The index analyzed by the filter can be decoded into a Weight address, then the activated Weight can be taken out, corresponding 8 Vmem values are also taken out, 8-path controllers calculate 8-line convolution results, simultaneously each path of controller simultaneously calculates results of 8 channels, the calculating unit completes 8 multiplied by 8= 64-path parallel convolution calculation, and the calculation between layers is pipelined.
FIG. 4 contains more details of step 3, where one kernel corresponds to 27 weights, 8 kernels correspond to 8 channels of the result, and each channel shares the input Neuron State, so that valid positions of weightings in the kernels 0-7 are the same, and the same addresses can be simultaneously fetched, and each address stores Weight values of the kernels 0-7 in sequence from high to low, and the weightings in each kernel are stored in 0-26 addresses in sequence according to the sequence of the first row and the second row, and the storage structure diagram of weightings is specifically shown in FIG. 7.
Meanwhile, the Vmem value of the previous time of the output layer needs to be read, updating is carried out on the basis, the memory structure diagram of Vmem is shown in FIG. 8, Vmem data are stored in the RAMs with the numbers of 0-7 in sequence according to rows, 8 rows of source data can be provided during calculation, meanwhile, Vmem results of 1-8 channels are stored in each RAM from high to low in sequence, if the number of the channels is larger than 8, after the 1-8 channel results are stored, 9-16 channels continue to be stored, and the rest is analogized.
Step 4
fetch _ res _ from _ snpu, which saves the result Vmem and neuron state returned by the compute unit back to the memory unit in-situ.
Design verification is carried out according to the scheme, the total neuron is N, wherein the activated neuron M can obtain N/M times of optimization effect compared with the traditional convolutional neural network, and the sparse optimization effect is better. In summary, the efficient hardware implementation method of the multiplicationless convolution scheduler based on the impulse neural network supports 3 × 3 convolution calculation based on any specification input of the impulse neural network, supports 64-path parallel calculation, does not need a hardware multiplier, can effectively improve the performance of convolution calculation in the neural network, reduces the calculation complexity, obtains higher efficiency and lower power consumption, and has higher flexibility.
Although the preferred embodiments of the present invention have been described in detail, the present invention is not limited to the details of the embodiments, and various equivalent modifications can be made within the technical spirit of the present invention, and the scope of the present invention is also within the scope of the present invention.
Claims (7)
1. A multiplicative-free convolutional scheduler based on a spiking neural network, comprising:
a processor;
a memory cell comprising at least one set of first storage regions for storing neuron states, at least one set of second storage regions for storing membrane potentials, and at least one set of third storage regions for storing synaptic weights;
the convolution controller is used for decoding the instruction of the processor and controlling the integral execution of convolution calculation; the volume controller reads and writes data from the storage unit, manages the input and output of the computing unit and updates the state of the neuron according to the data;
and the computing unit is electrically connected with the convolution controller and used for computing the spike signal emitted by the previous layer of effective neurons, judging whether the current layer of neurons is activated or not according to the spike signal, and finally updating the state of the neurons.

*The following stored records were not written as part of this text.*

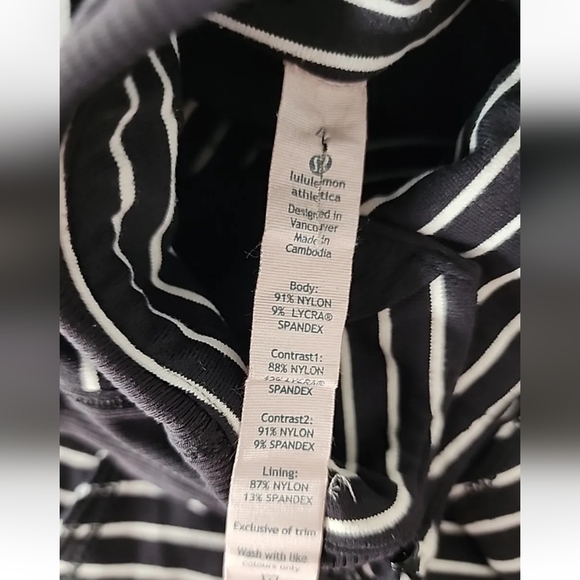 Lululemon Base Runner 1/2 Zip Parallel Stripe Black White / Black Pullover 4. - Picture 12 of 13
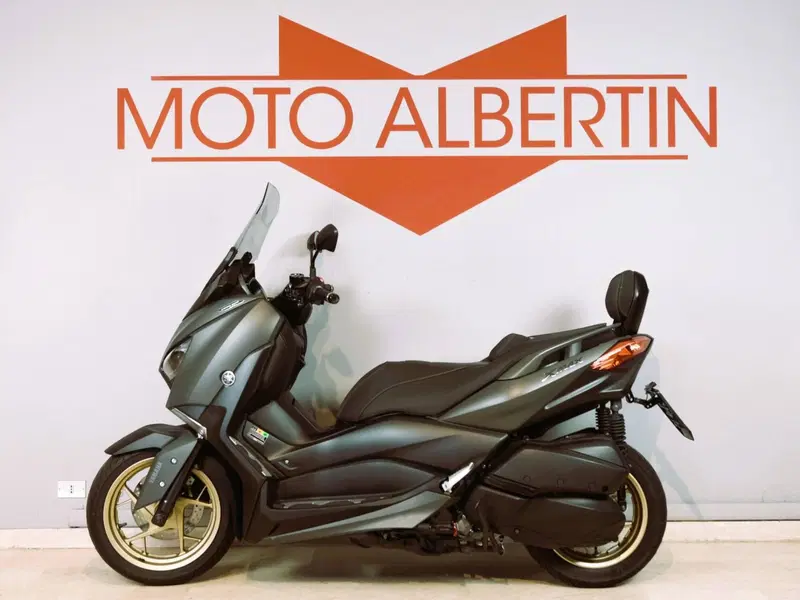 Yamaha X-Max 300 Tech Max (2021 - 24) (2)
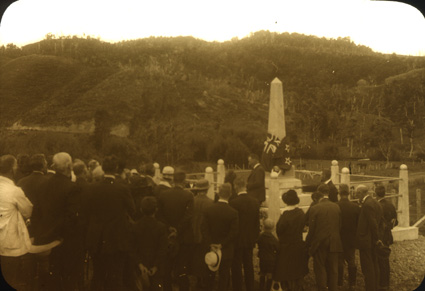 Unveiling of the Tapuhi War Memorial, 1920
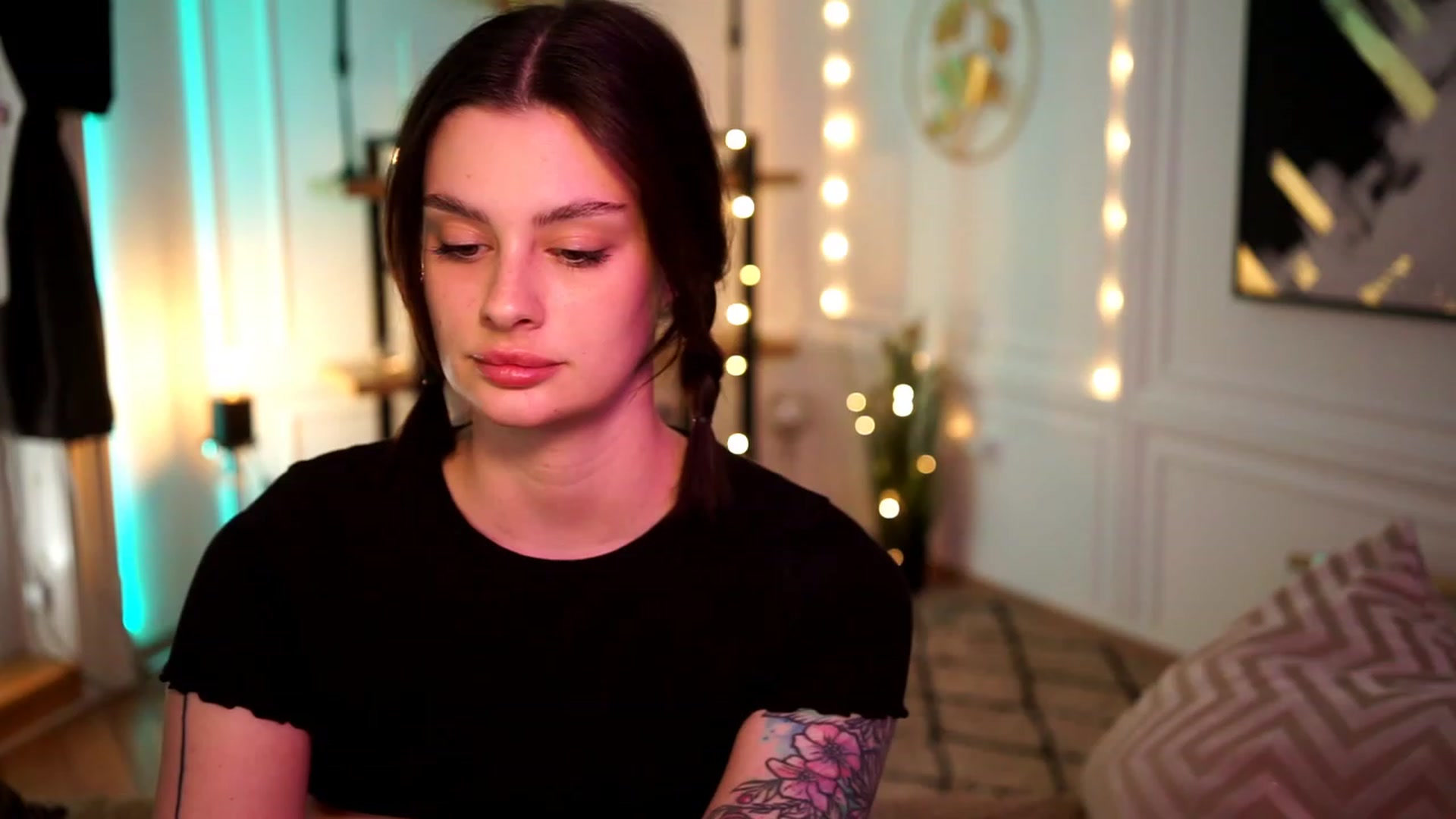 Gallery image thumbnail from lucynutty's myfreecams stream on, 04/23/2023, 14:48 image 4 of 20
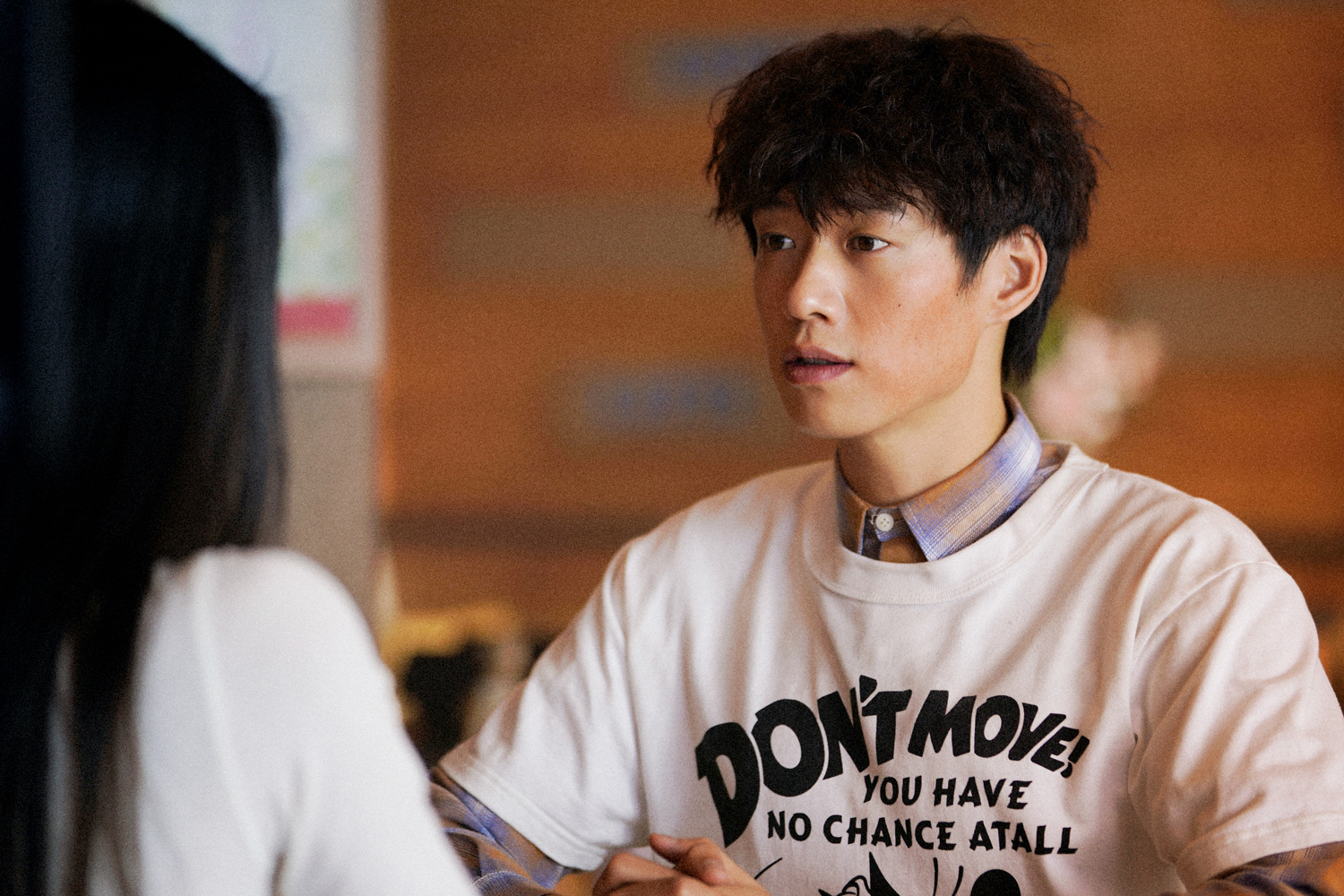 电影《小小的愿望》正在热映,演员@魏大勋 饰演的张正阳在片中的穿搭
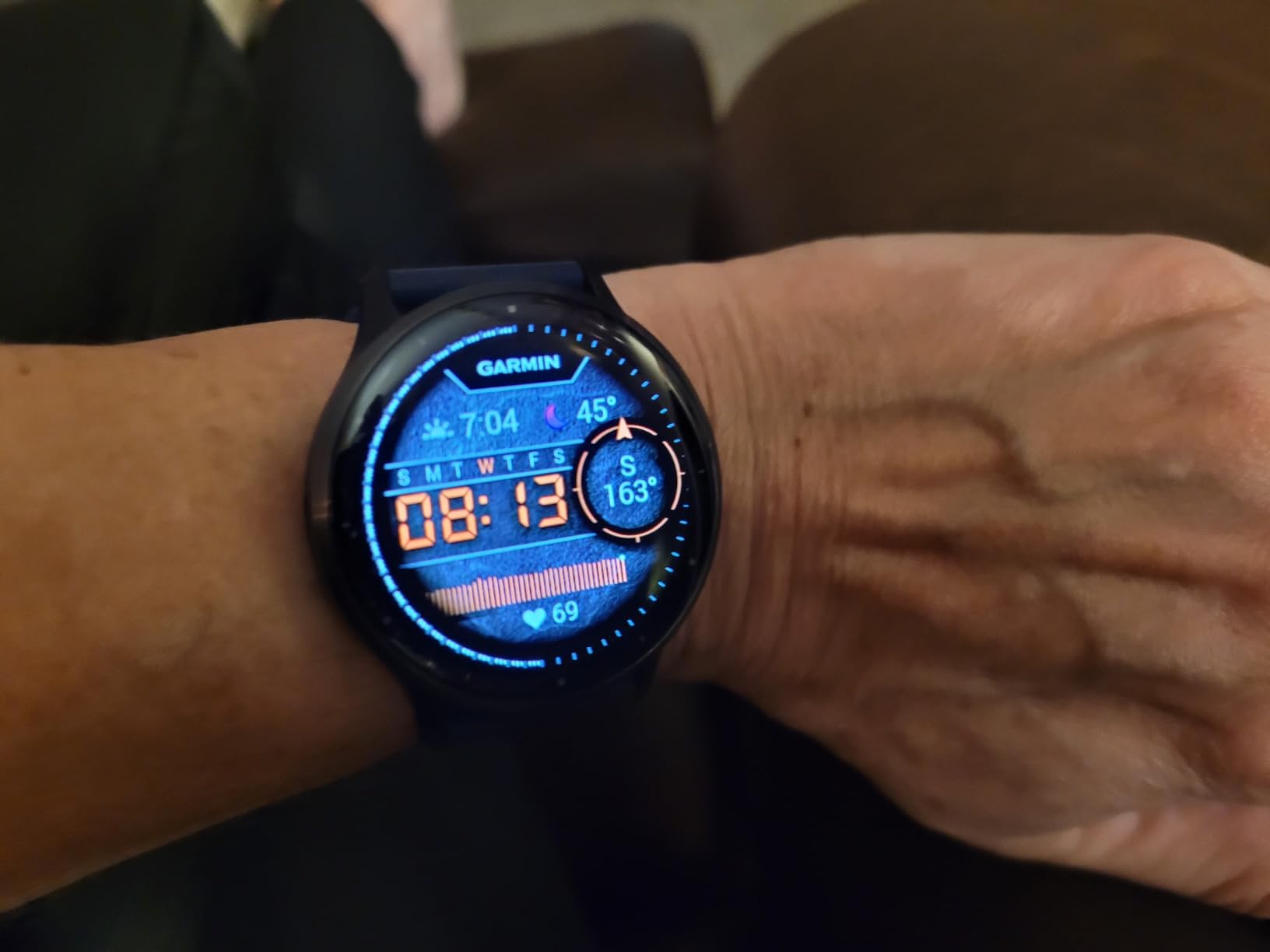 Venu 3 Slate Stainless Steel Bezel 1.4-Inch AMOLED Touchscreen Display Smart Watch with 45mm Black Case and Silicone Band customer photo 1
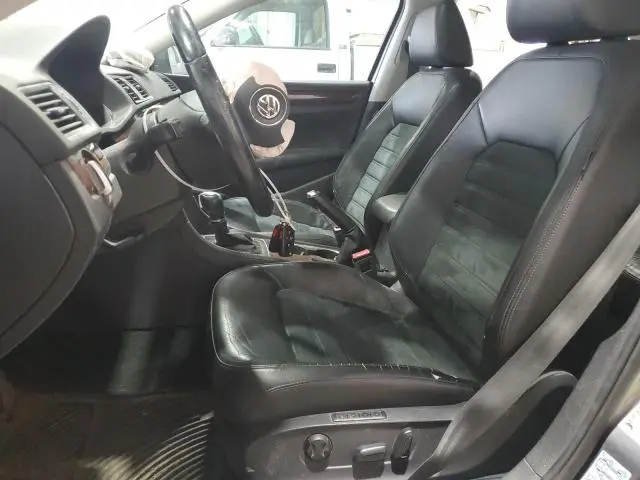 2013 VOLKSWAGEN PASSAT SEL  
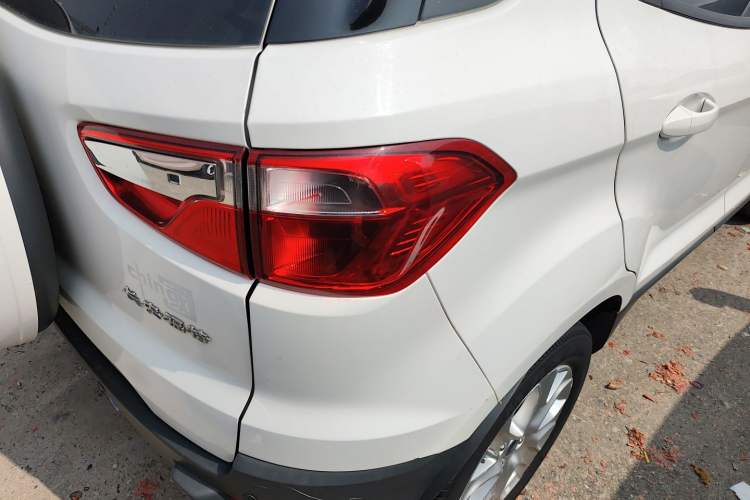 Used Ford EcoSport 2013 1.5L Automatic Fashion Model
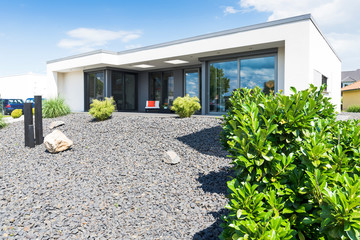 hochwertiger Bungalow, Flachbauhaus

2. The multiplicative-free convolutional scheduler based on a spiking neural network as claimed in claim 1, wherein the membrane potential and synaptic weight are stored in at least 8 ways in parallel; the membrane potential data are sequentially stored in the RAMs with the numbers of 0-7 according to rows, meanwhile, each RAM sequentially stores membrane potential results of 1-8 channels from high to low, if the number of the channels is larger than 8, after the results of the 1-8 channels are stored, 9-16 channels continue to be stored, and the like.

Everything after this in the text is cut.